__Excerpted records__:
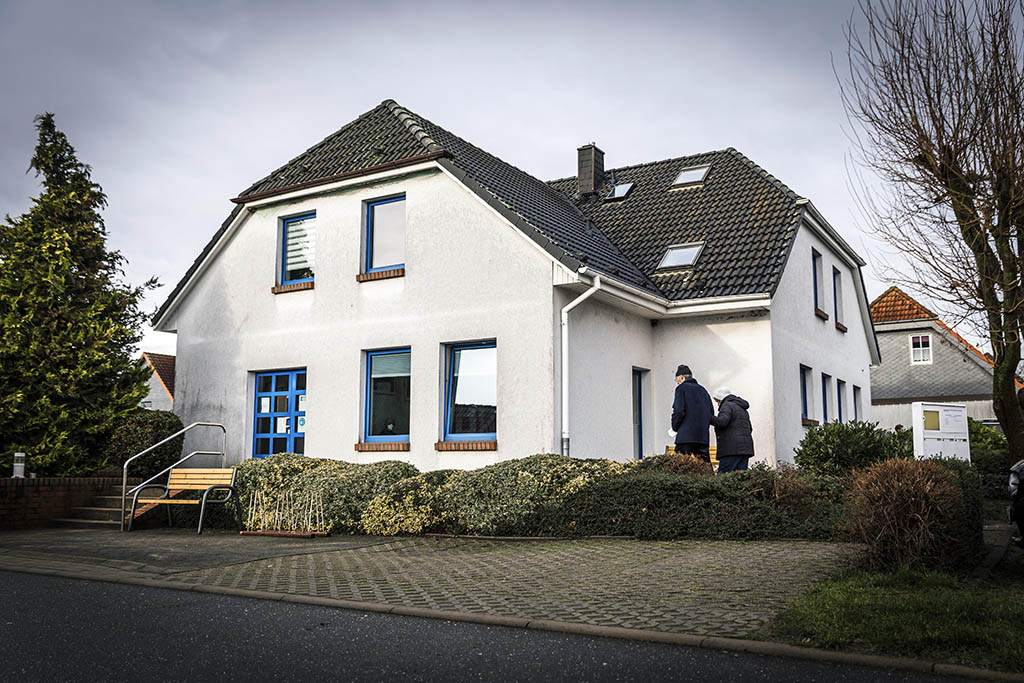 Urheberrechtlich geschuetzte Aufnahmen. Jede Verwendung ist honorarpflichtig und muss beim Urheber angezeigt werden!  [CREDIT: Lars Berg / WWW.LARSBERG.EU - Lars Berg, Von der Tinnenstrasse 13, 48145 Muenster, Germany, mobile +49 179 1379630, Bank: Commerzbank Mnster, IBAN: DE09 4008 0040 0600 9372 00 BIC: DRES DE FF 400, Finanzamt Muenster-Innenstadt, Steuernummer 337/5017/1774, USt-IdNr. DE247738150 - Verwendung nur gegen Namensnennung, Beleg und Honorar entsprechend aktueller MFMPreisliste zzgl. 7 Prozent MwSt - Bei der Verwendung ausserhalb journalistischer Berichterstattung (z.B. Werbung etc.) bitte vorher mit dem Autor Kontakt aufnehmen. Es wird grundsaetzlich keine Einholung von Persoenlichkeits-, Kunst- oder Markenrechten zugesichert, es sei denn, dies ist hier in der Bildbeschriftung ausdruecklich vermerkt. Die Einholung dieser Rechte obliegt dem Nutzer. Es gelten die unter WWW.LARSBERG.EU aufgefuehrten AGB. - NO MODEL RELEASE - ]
==
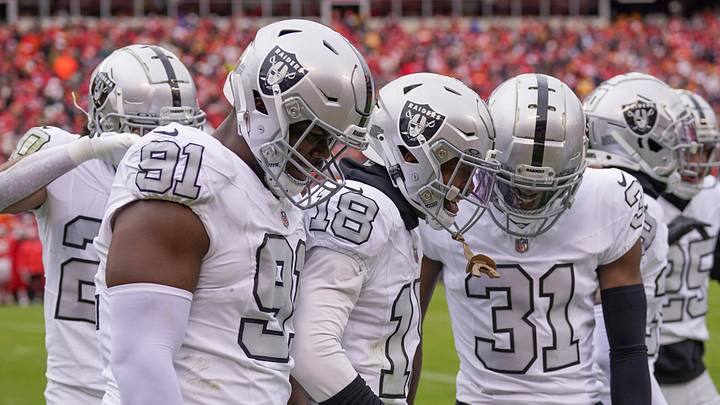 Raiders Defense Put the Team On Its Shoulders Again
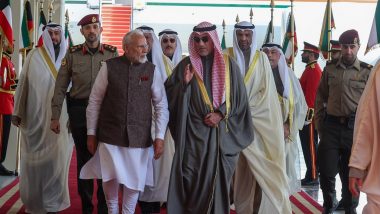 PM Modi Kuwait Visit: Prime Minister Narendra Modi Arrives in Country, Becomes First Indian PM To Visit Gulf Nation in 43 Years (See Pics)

__Your goal__:
Nothing but the lines from the one containing "Raiders Defense Put" through the one containing "PM Modi Kuwait" should appear, copied exactly from the material above and without pictures.

__Response to this task__:
 Raiders Defense Put the Team On Its Shoulders Again
 PM Modi Kuwait Visit: Prime Minister Narendra Modi Arrives in Country, Becomes First Indian PM To Visit Gulf Nation in 43 Years (See Pics)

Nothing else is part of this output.